Goal of the exercise. For the data below, transcribe the part that opens with the line containing "Origin : China" and closes with the line containing "Saltea de sărituri", exactly and with no pictures.

*** Material supplied ***

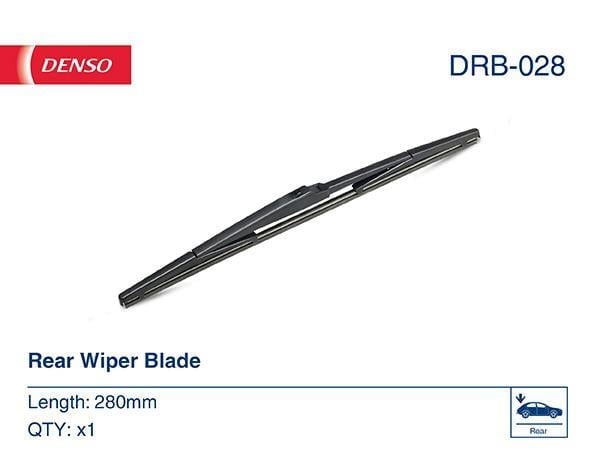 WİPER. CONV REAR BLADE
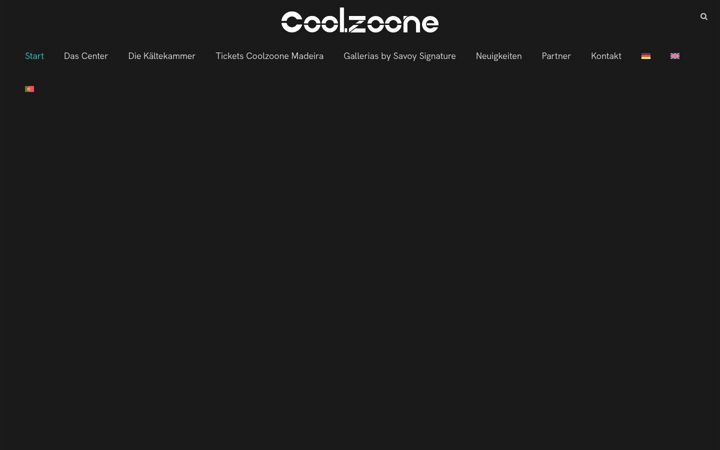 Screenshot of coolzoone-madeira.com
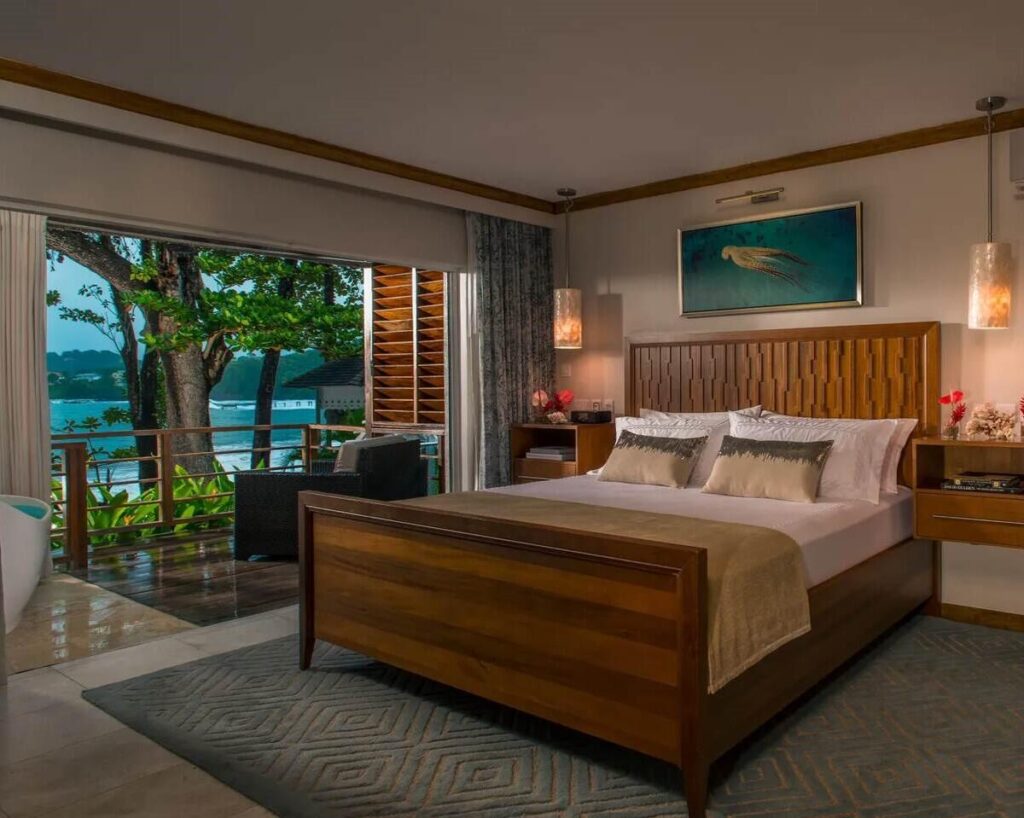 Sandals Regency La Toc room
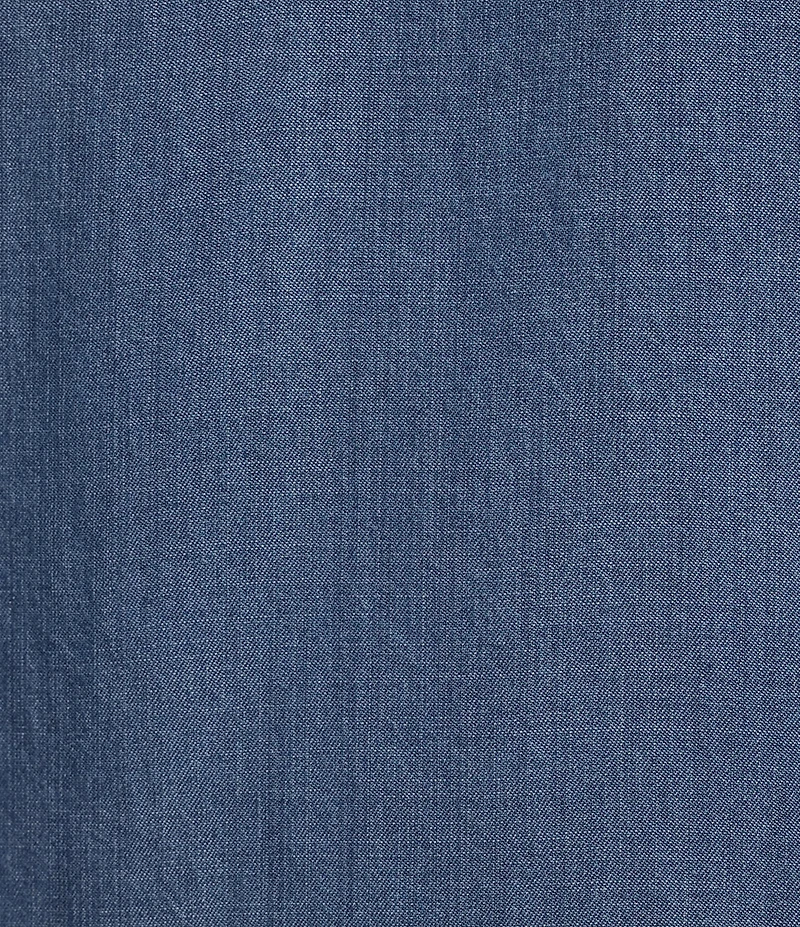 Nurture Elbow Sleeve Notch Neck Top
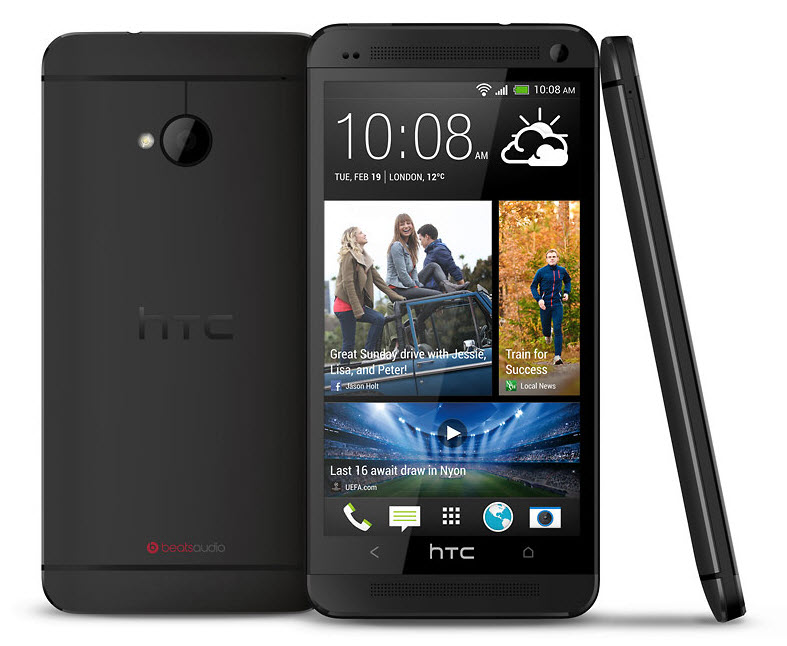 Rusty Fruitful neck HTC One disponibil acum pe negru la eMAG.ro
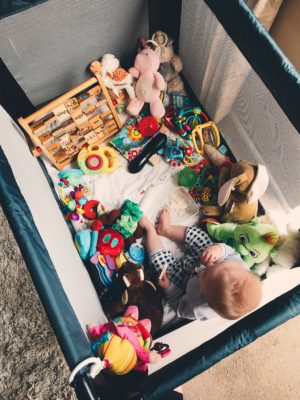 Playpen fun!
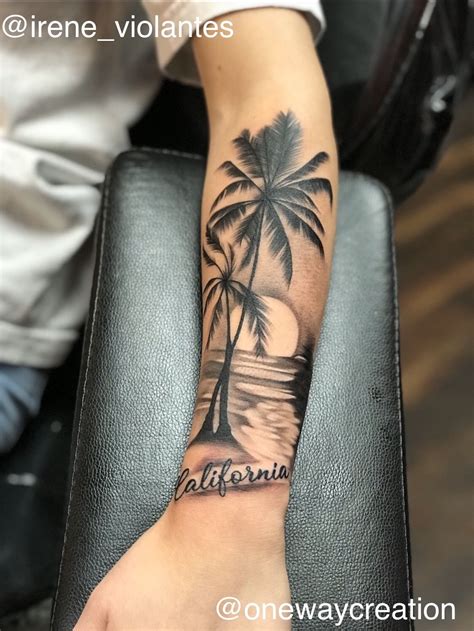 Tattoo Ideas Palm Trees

*** End of Material supplied ***
*** Material supplied ***

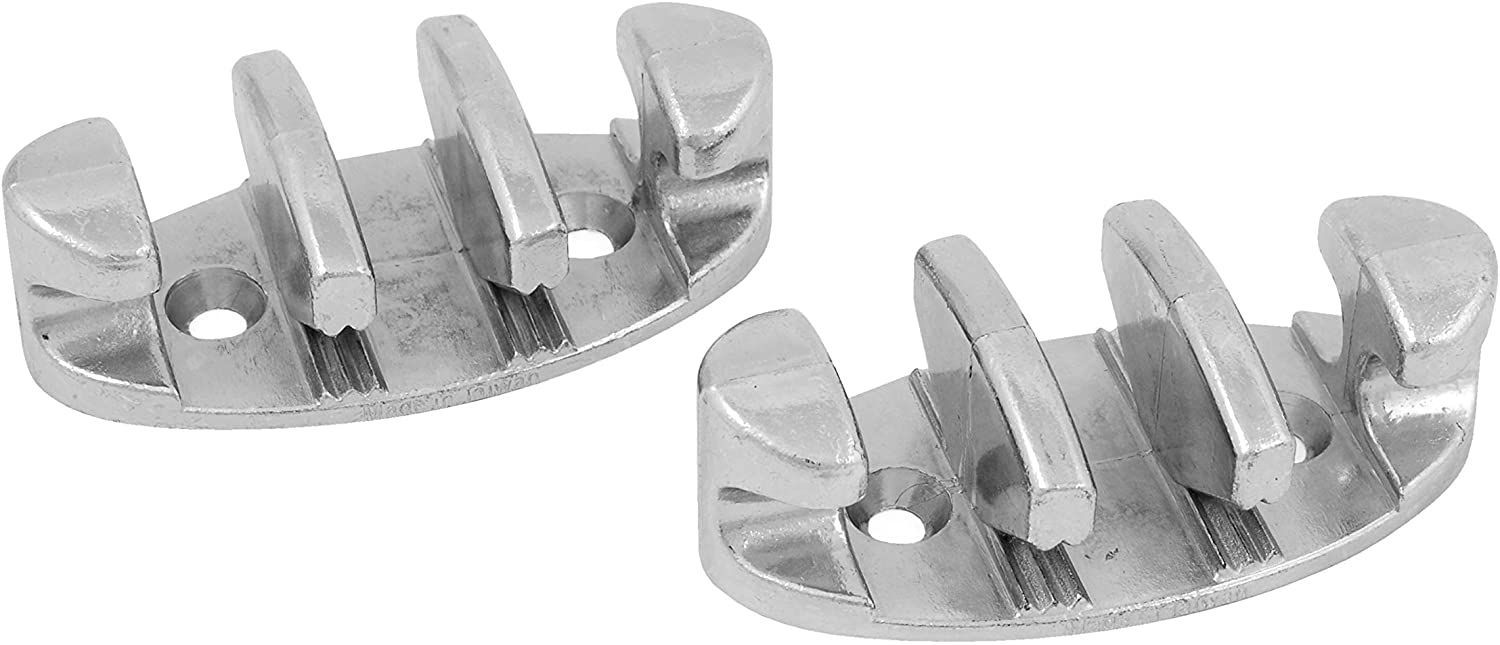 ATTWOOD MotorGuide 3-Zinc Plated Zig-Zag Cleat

*** End of Material supplied ***
*** Material supplied ***

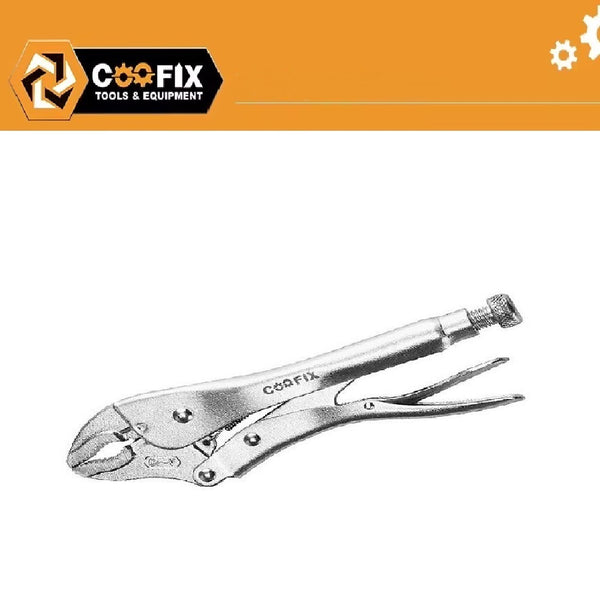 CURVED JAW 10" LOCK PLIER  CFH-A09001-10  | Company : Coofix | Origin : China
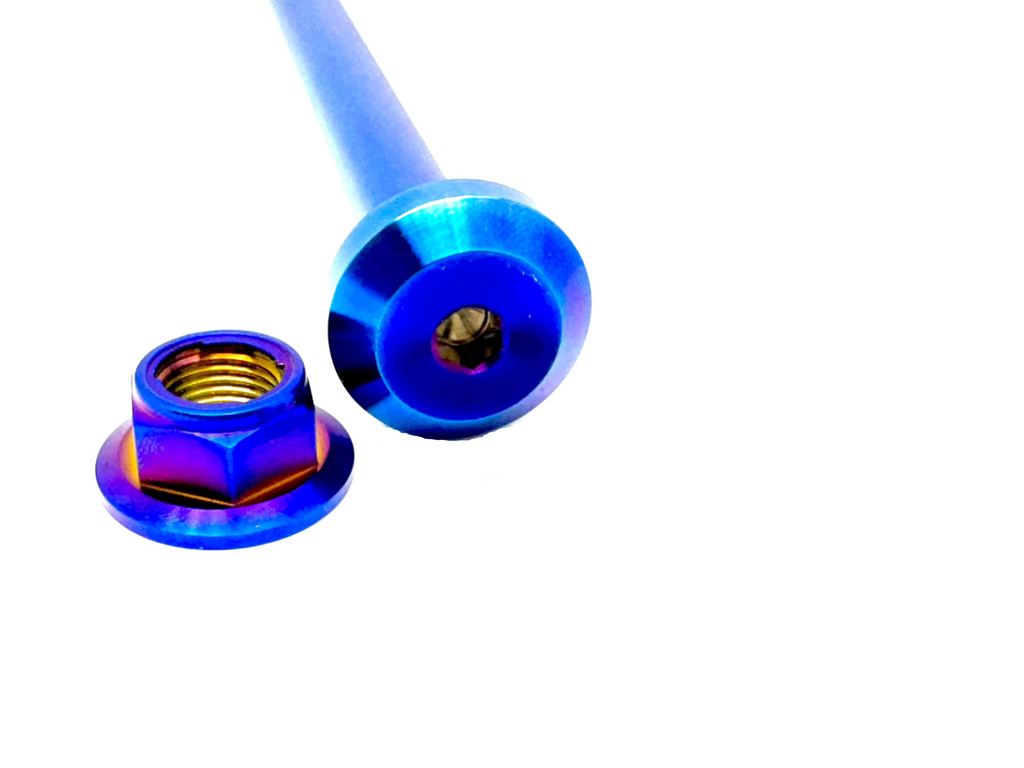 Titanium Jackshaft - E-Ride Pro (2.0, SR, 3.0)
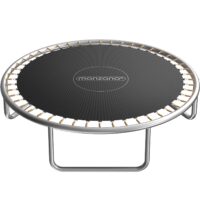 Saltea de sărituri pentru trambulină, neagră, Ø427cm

*** End of Material supplied ***

Answer to the exercise.
 CURVED JAW 10" LOCK PLIER  CFH-A09001-10  | Company : Coofix | Origin : China
 Titanium Jackshaft - E-Ride Pro (2.0, SR, 3.0)
 Saltea de sărituri pentru trambulină, neagră, Ø427cm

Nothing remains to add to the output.